This article was last updated 9 years ago

money, funding, ian

Alibaba’s Ant financial services, which had initially invested a sum of $500 Million into Paytm, has now reportedly upped its stake to 40% by pumping in a fresh $680 Million in a new round. Reuters reports that the amount could be in the vicinity of $700 Million.

If the proposed funding amount is even close to what’s being reported, this would zoom up Paytm’s valuation to over $4 Billion, making it one of India’s most valued startups in the current scenario.

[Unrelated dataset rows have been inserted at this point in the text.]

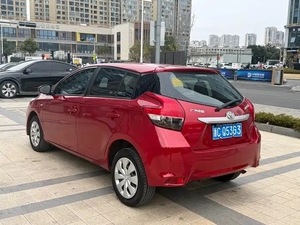 <span class=keywords><strong>Toyota</strong></span> <span class=keywords><strong>Yaris</strong></span> Zhixuan <span class=keywords><strong>Hybride</strong></span> 1.5L d'occasion 2016, berline à aspiration naturelle, boîte automatique CVT, avec caméra de recul, conduite à gauche, toit ouvrant - Product Image 3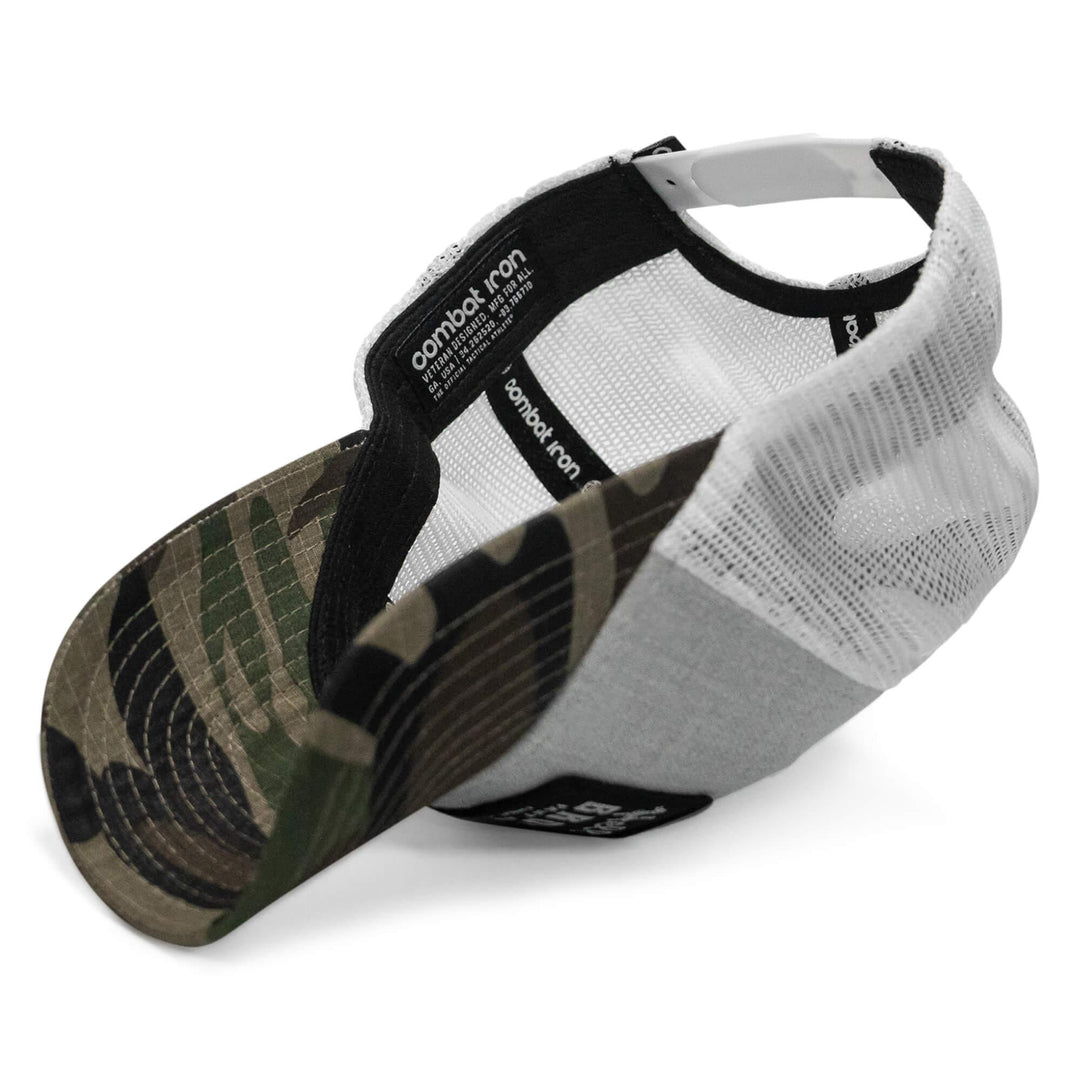 One Revolver Surfboards - Hell Yeah Brother Patch Snapback Hat HEADWEAR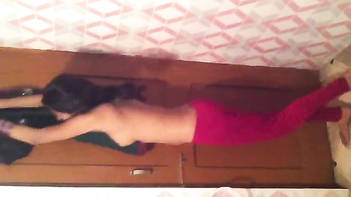 Desi Uncovers Her Xxx Body Playing Steamy Sex Games With Operator In The Shower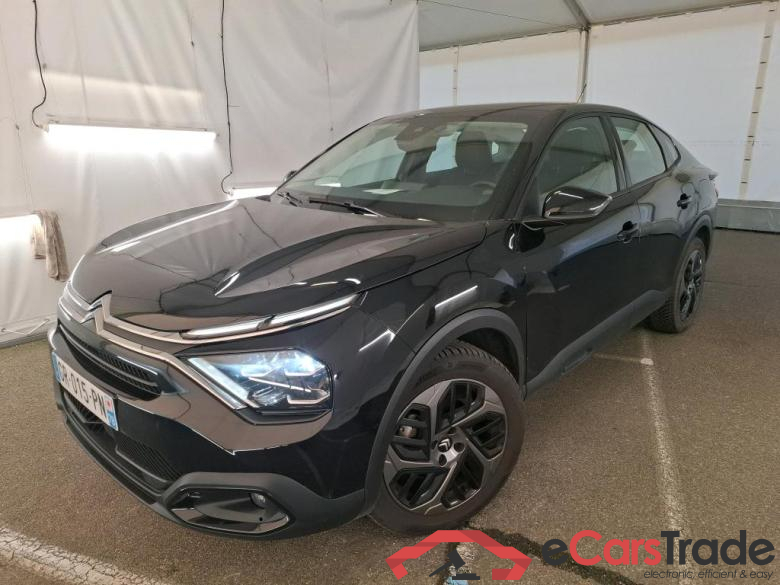 CITROEN C4 X / 2022 / 4P / Berline PureTech 130 S&S EAT8 Feel Pack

Earlier in February this year, Ant Financial Services Group, an Alibaba Group Financial affiliate, had announced today that it will take a 25 percent stake in PayTm’s parent, One97 Communications. The company said that this investment was a part of a strategic agreement between the two brands.

Similar to its February investment terms, this investment too is considered strategic in nature, with Alibaba looking to expand its reach in the Indian market through Paytm.

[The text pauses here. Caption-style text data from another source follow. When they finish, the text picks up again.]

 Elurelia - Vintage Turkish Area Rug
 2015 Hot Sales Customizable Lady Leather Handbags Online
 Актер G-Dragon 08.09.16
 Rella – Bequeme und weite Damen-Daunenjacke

Interestingly though, if these numbers and reports are true, this would leave both Alibaba and Ant Financial services with a stake of 20% each in Paytm, virtually giving China’s largest mobile payments and services provider a whopping 40% stake into India’s largest payments service provider. PayTM also received a digital banking license from RBI last month.

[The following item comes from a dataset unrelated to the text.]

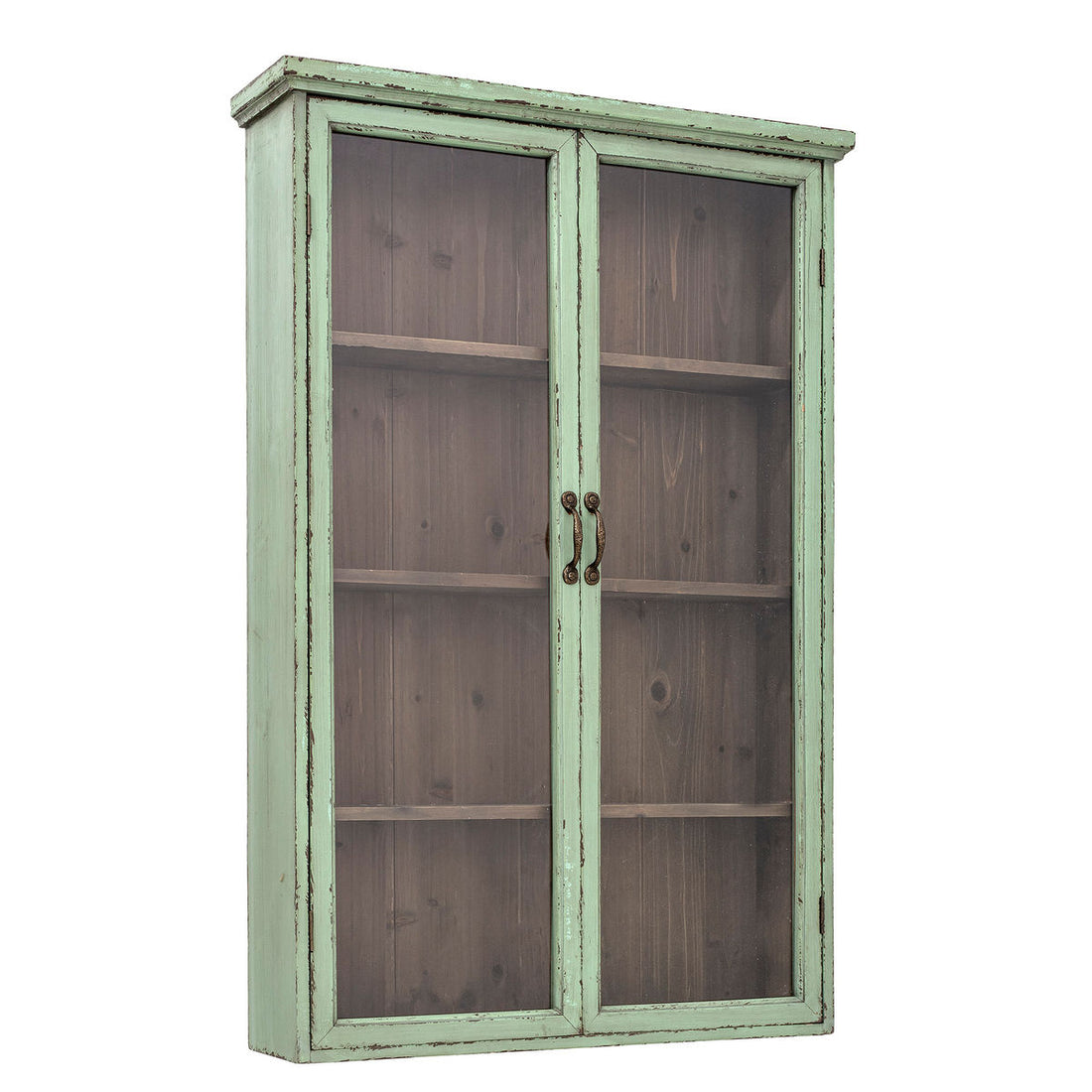 Creative Collection Hazem Closet, Green, Pine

The companies said in a joint statement,

The fresh capital infusion will allow Paytm to achieve scale, develop its vibrant mobile commerce and payment ecosystem in India, and invest in marketing, technology and talent. This transaction further demonstrates the commitment of Alibaba, the largest online and mobile commerce company in the world in terms of gross merchandise volume, to continue to internationalize its ecommerce business.

Alibaba. via these strategic investments and other schemes has been quietly making deep inroads into the Indian market. Paytm recently announced plans to bring over 100,000 Chinese sellers on its platform, virtually opening massive gates to an Indian market, which had largely been a nascent territory for China’s burgeoning e-commerce companies.